Segment Start: Record set

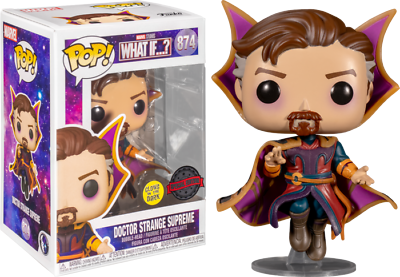 What If - Doctor Strange Supreme Glow US Exclusive Pop! Vinyl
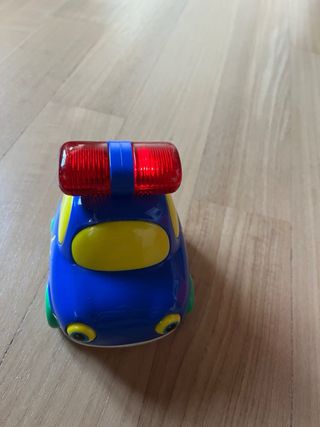 Macchinina Polizia Sirena Lampeggiante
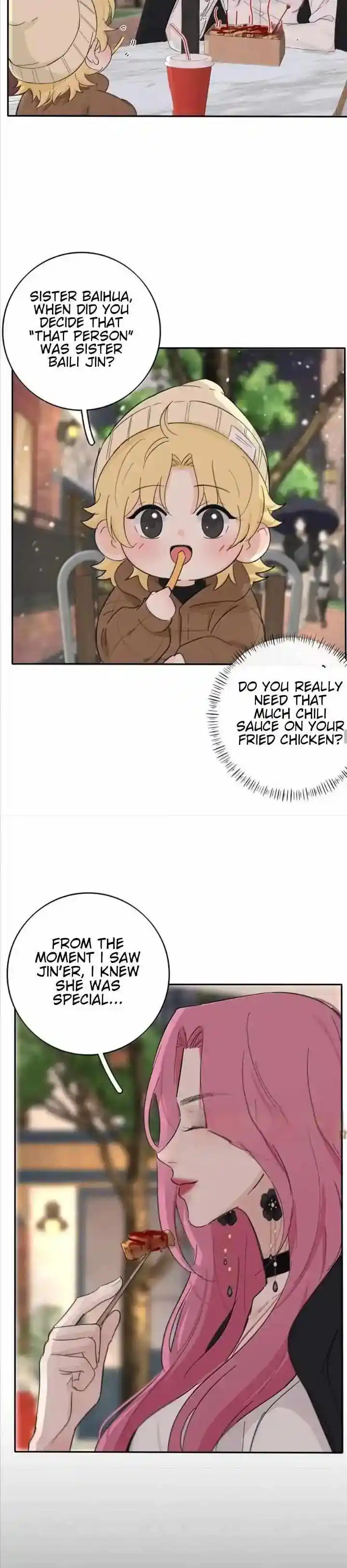 Baili Jin Among Mortals Chapter 197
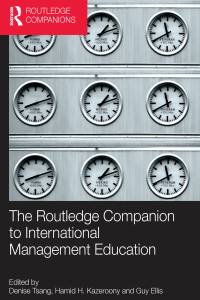 Imagen de portada: The Routledge Companion to International Management Education 1st edition 9780415783149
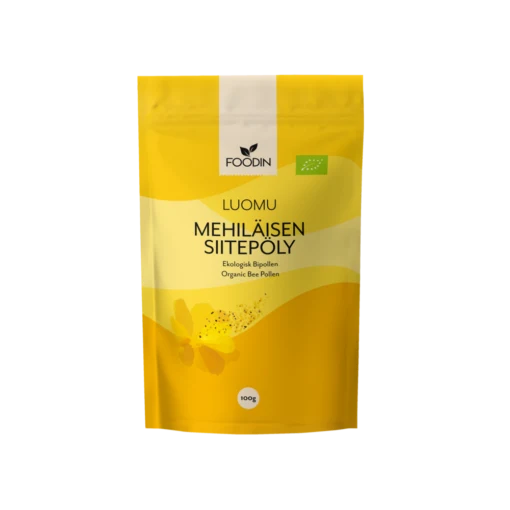 Foodin - Mehiläisen siitepöly (L) 100g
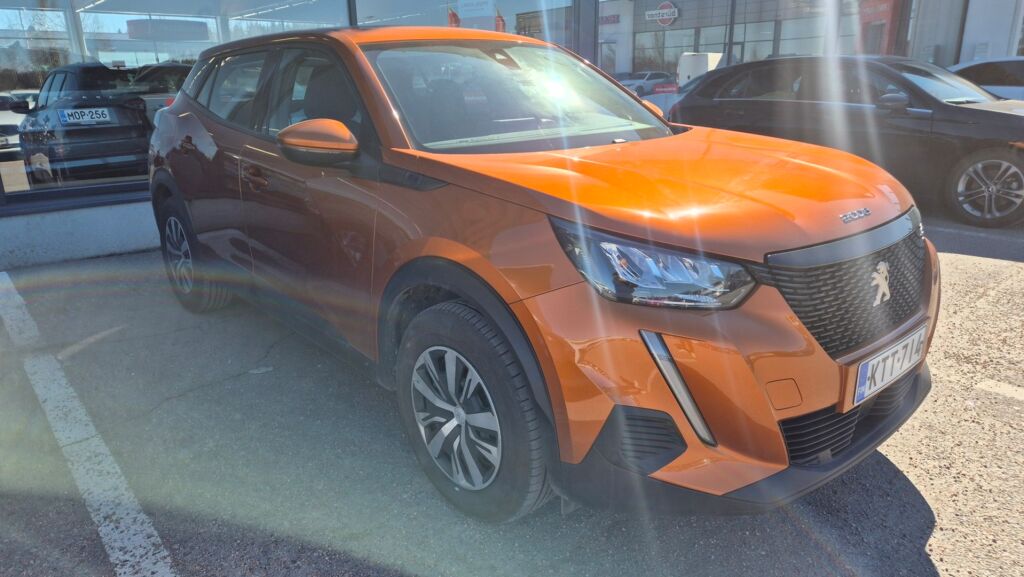 Peugeot 2008 2020 Oranssi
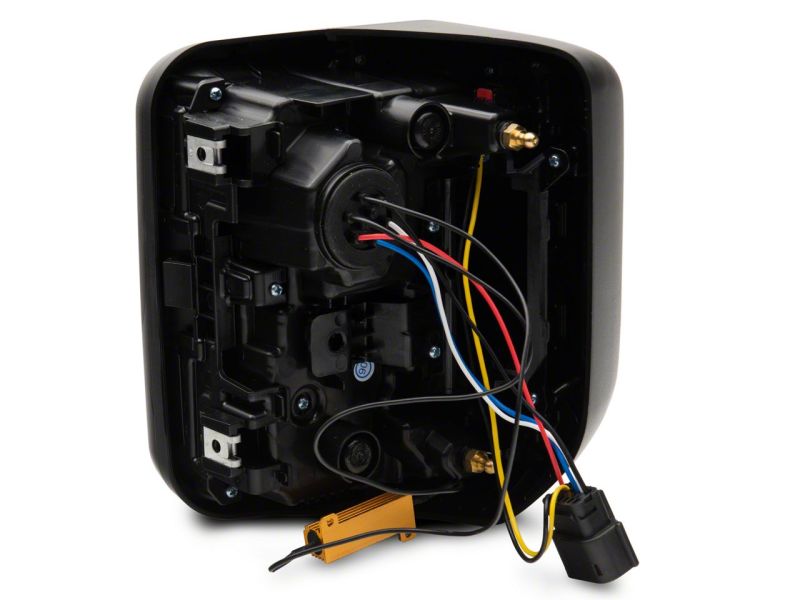 Raxiom 20-23 Jeep Gladiator JT w/ Factory Halogen LED Tail Lights- Black Housing (Smoked Lens)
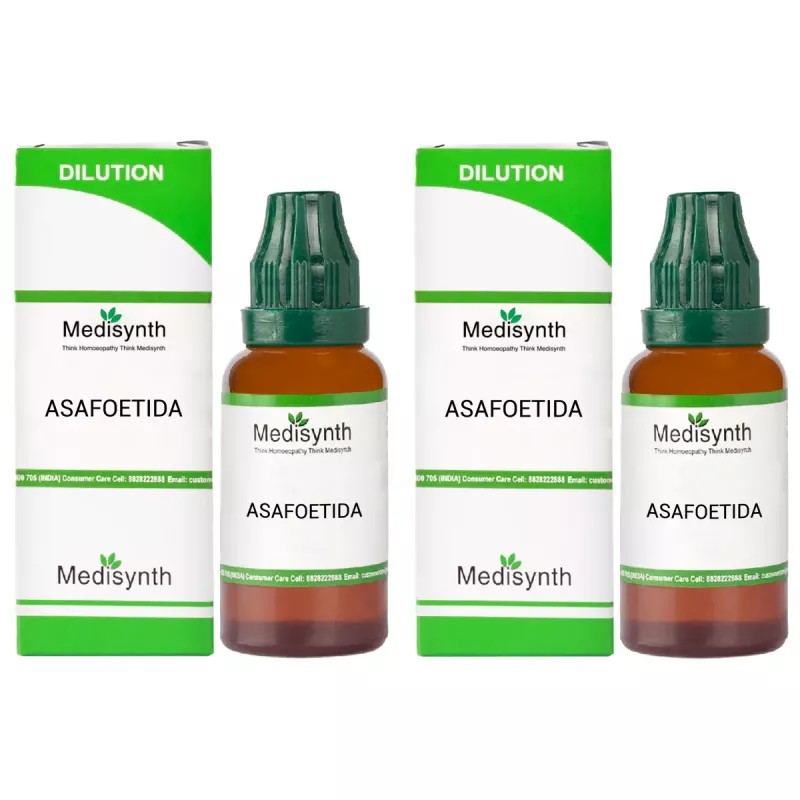 Medisynth Asafoetida 30 CH (30ml, Pack of 2)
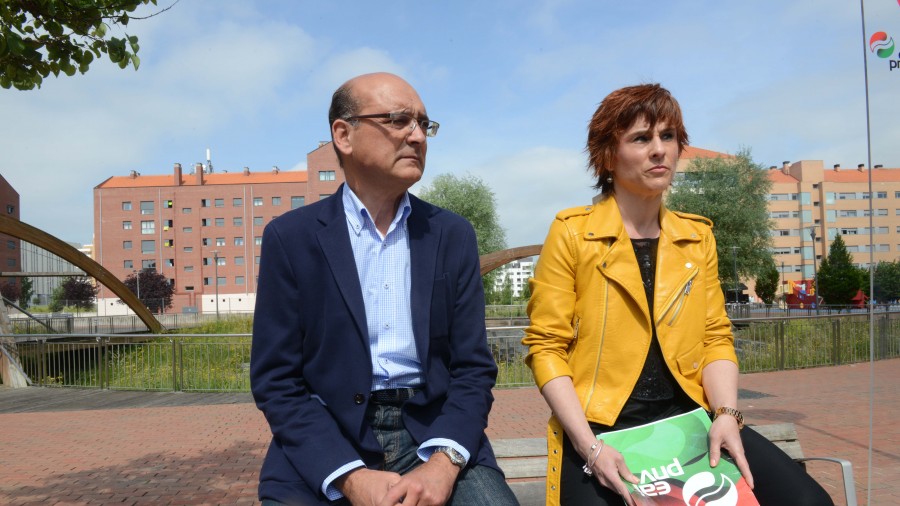 Presentación candidatos y candidatas por Araba de EAJ-PNV al Congreso y Senado 26J
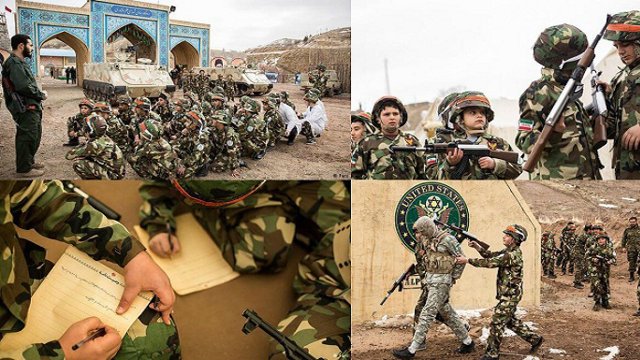 آموزش وصیت نامه نویسی به کودکان در قزوین+تصاویر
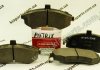 Колодки тормозные передние (диск) Matrix Elantra Lantra 00 MOBIS 5810117A00 (фото 2)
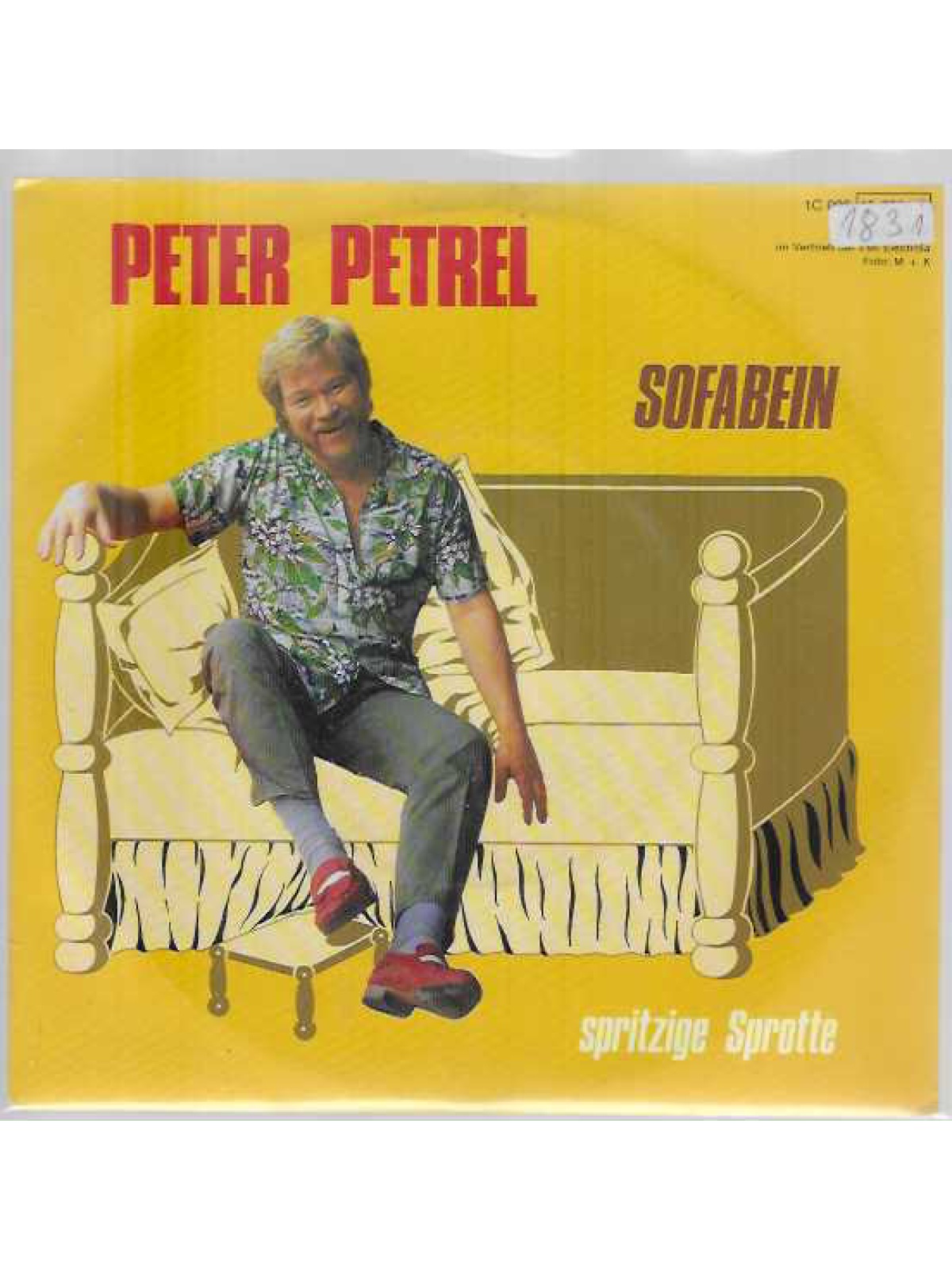 SINGLE / Peter Petrel – Sofabein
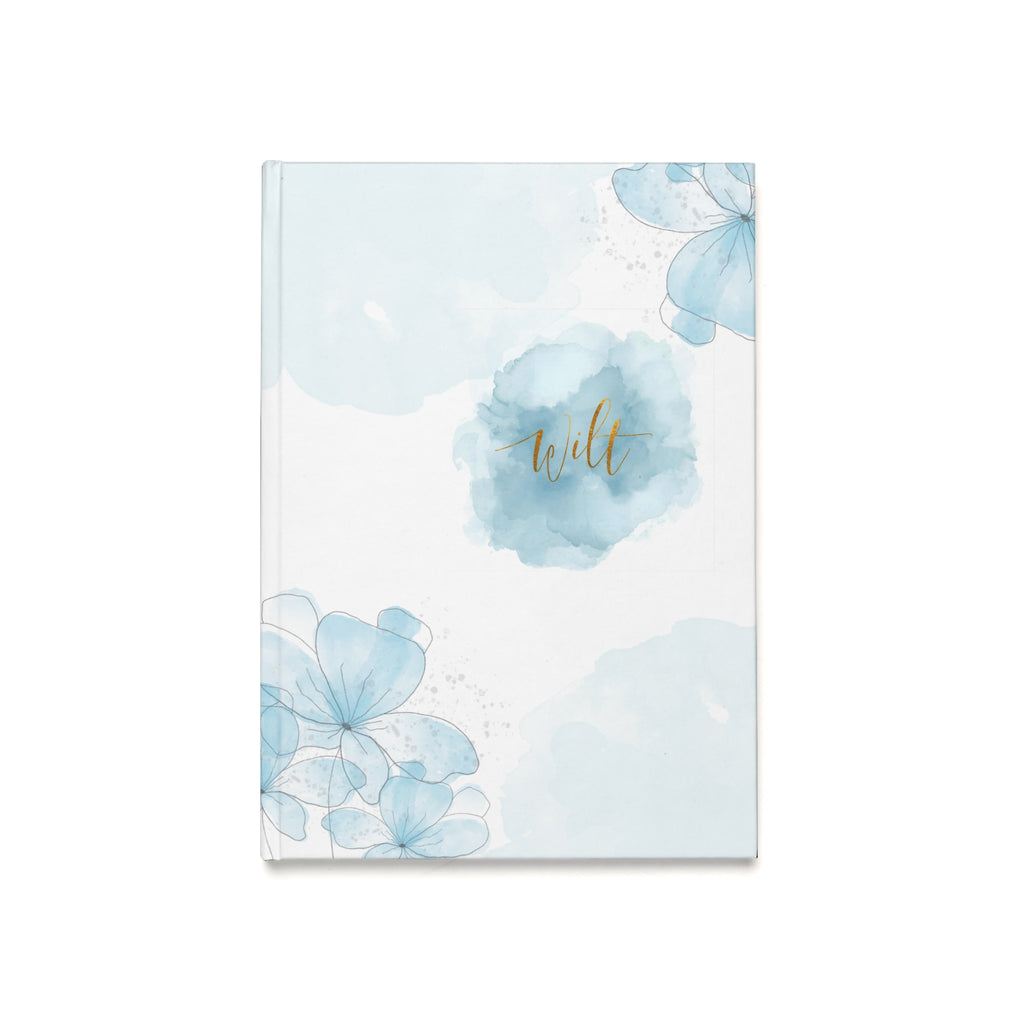 WILT Journal - Blue Flower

Segment End: Record set

__Task item__
Reproduce the lines of the data that run from the one containing "Baili Jin Among Mortals Chapter 197" to the final line, both included, exactly as they appear and without the pictures.

__Response__
 Baili Jin Among Mortals Chapter 197
 Imagen de portada: The Routledge Companion to International Management Education 1st edition 9780415783149
 Foodin - Mehiläisen siitepöly (L) 100g
 Peugeot 2008 2020 Oranssi
 Raxiom 20-23 Jeep Gladiator JT w/ Factory Halogen LED Tail Lights- Black Housing (Smoked Lens)
 Medisynth Asafoetida 30 CH (30ml, Pack of 2)
 Presentación candidatos y candidatas por Araba de EAJ-PNV al Congreso y Senado 26J
 آموزش وصیت نامه نویسی به کودکان در قزوین+تصاویر
 Колодки тормозные передние (диск) Matrix Elantra Lantra 00 MOBIS 5810117A00 (фото 2)
 SINGLE / Peter Petrel – Sofabein
 WILT Journal - Blue Flower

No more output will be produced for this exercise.